CoreWeave achieves a first with Nvidia GB300 NVL72 deployment

Hyperscaler CoreWeave on Thursday announced that it is the first AI cloud provider to deploy the latest Nvidia GB300 NVL72 systems, as a result of collaborations with Dell Technologies, data center provider Switch, and critical infrastructure and services firm Vertiv.

The CoreWeave GB300 NVL72 is a rack-scale, liquid-cooled platform that unifies 72 Nvidia Blackwell Ultra GPUs, 36 Arm-based Nvidia Grace CPUs, and 36 NVIDIA BlueField-3 DPUs into a single, powerful platform. The deployment is “tightly integrated with CoreWeave’s cloud-native software stack, including CoreWeave Kubernetes Service (CKS) and Slurm on Kubernetes (SUNK),” CoreWeave said in a release.

Additionally, Dell noted, CoreWeave’s adoption of Dell Integrated Racks with Nvidia GB300 NVL72 “pushes the boundaries of scalability for cloud services. The deployment will support CoreWeave’s expanding AI cloud platform, simplifying everything from large language models training and reasoning to real-time inferencing.”

“This system is engineered to handle the massive computational demands of test-time scaling inference, a critical component for deploying state-of-the-art AI models,” added Peter Salanki, CoreWeave’s chief technology officer, in a blog. “As AI models continue to rapidly grow in size and complexity, the need for purpose-built AI infrastructure will only continue to grow at the same pace.”

A big win for Dell

It’s a big win for Dell, said Matt Kimball, vice president and principal analyst, datacenter compute and storage at Moor Insights & Strategy, who described the launch as a “big accomplishment for Dell on a couple of fronts. First, there’s the ‘first to market’ aspect to it, which is good at setting the pace (and bragging rights).”

It is, he said, “a big deal and says a lot about the relationship between Dell and Nvidia, and Dell and the neocloud community. Dell made a run at the cloud market and pulled back around 2016. Though it re-entered a few years later, I think its embracing of OCP and the module hardware system (MHS) design, along with its tight integration with Nvidia, has made it a legitimate player in a market that has long been dominated by the likes of white boxes and Supermicro.”

The deployment, Kimball said, “brings Dell quality to the commodity space. Wins like this really validate what Dell has been doing in reshaping its portfolio to accommodate the needs of the market — both in the cloud and the enterprise.”
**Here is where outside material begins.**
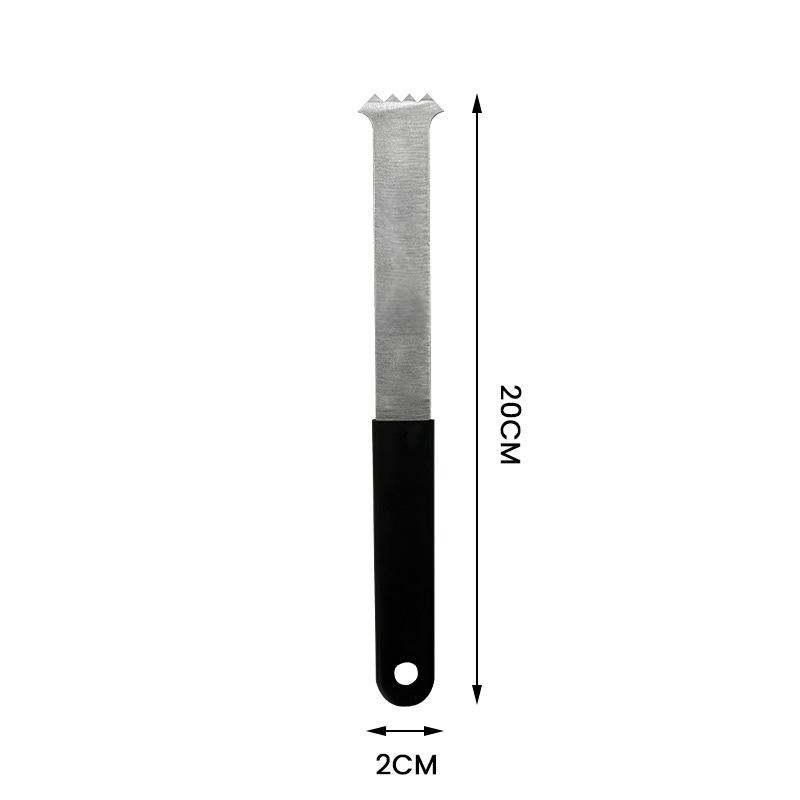 

1Pcs Paver Removal and Extraction Tool with Scraper Micro-cogging and Non-slip Handle for Garden Floors Safe Material Portable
Although concerns were voiced last year that Nvidia’s next-generation Blackwell data center processors had significant overheating problems when they were installed in high-capacity server racks, he said that a repeat performance is unlikely.

Nvidia, said Kimball “has been very disciplined in its approach with its GPUs and not shipping silicon until it is ready. And Dell almost doubles down on this maniacal quality focus. I don’t mean to sound like I have blind faith, but I’ve watched both companies over the last several years be intentional in delivering product in volume. Especially as the competitive market starts to shape up more strongly, I expect there is an extremely high degree of confidence in quality.”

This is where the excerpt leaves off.